The following is a number of questions on the data set which you should answer using numpy. You should not use any loops. Most questions can be answered with just one line of Python code. There is no restriction that you must use as few lines of code as possible. You can break the steps up into multiple lines of code if you want, especially for Questions 7 and 8 which have several steps. There is only one restriction: no loops.

You should copy your Python code to a script so that you can show your tutor later on. Another reason is that we will work on this data set again in a later lab.

If you want to check your answers, some of them are on this page.

Determine the annual average sea ice extent, i.e. for each year, compute the average of all the half-monthly measurements over that year. Store the answer in the variable avg_sea_ice_annual. You should plot the annual average sea ice extent in Figure 2 to have a look.

Determine the average sea ice extent for each half-month, i.e. average over the years for each half-month.

Determine the average sea ice extent over the entire data collection. Store the answer in the variable avg_sea_ice which you will need later.

For each year, determine the number of half-months that exceeds the overall average calculated in Question 3.

Determine the number of years whose annual average is less than the overall average calculated in Question 3.

Determine the number of years, within the last 10 years of data, whose annual average is less than the overall average calculated in Question 3. (Note: Questions 5 and 6 together tell you something important about the status of ice extents.) Hint: You have learnt about list slicing in Week 3B. You can slice a numpy array in the same way.

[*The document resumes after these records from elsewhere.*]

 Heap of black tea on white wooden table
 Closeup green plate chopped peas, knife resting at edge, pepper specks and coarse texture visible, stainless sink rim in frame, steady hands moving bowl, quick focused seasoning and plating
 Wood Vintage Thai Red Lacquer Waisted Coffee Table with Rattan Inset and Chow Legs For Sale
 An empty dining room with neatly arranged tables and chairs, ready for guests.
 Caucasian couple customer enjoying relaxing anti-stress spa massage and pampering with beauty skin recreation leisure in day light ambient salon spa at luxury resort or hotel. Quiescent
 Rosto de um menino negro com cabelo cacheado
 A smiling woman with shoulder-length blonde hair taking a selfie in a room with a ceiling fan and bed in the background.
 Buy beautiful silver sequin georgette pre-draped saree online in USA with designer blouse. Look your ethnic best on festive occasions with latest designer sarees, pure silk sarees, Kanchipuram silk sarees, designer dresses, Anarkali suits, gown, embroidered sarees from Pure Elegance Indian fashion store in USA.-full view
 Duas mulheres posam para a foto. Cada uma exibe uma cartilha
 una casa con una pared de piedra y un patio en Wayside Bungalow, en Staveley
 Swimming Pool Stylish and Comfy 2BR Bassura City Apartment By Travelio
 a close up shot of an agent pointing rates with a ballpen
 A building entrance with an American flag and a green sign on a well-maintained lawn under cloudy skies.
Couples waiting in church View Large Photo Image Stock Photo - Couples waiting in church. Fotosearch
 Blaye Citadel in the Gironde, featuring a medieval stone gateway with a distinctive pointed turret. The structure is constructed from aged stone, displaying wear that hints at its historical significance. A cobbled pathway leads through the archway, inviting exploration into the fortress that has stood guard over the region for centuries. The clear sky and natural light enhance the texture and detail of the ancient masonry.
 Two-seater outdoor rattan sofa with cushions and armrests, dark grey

This question requires you to slice an array from the end of the array, not the beginning. Check the week 3B lecture where we covered this if you need a refresher. There are also examples from Week 5C.

Determine the 10 years that have the lowest 10 annual average sea ice extents. You should arrange the 10 years such that their corresponding annual averages are sorted in ascending order. That is, the first year in the list is the year that has the lowest annual average sea ice extent, the second year has the second lowest annual average and so on. Hint: Use the numpy.argsort() function (link to the argsort() manual page) to get a list of sorted indexes. Think about what you want to sort by (one of the variables you made earlier in the problem), use argsort() on it and then use those indexes on the array years. If you’re confused check out the first example on the argsort() page and understand what it’s doing (the other examples are a bit more complicated).

The 2-dimensional array data_sea_ice contains half-monthly data, but you want to work with monthly data. You want to obtain a 2-dimensional array sea_ice_monthly which contains monthly data. The matrix should have 35 rows and 12 columns. Column 1 contains the average of the two measurements in January, Column 2 for February, etc. The problem is to compute sea_ice_monthly from data_sea_ice without using any loops. You may find the reshape function useful. If you want some hints, click here.

At the End of the Lab

You should be able to show your tutor your solution to the exercises. You should be comfortable with writing function with default parameter values and numpy.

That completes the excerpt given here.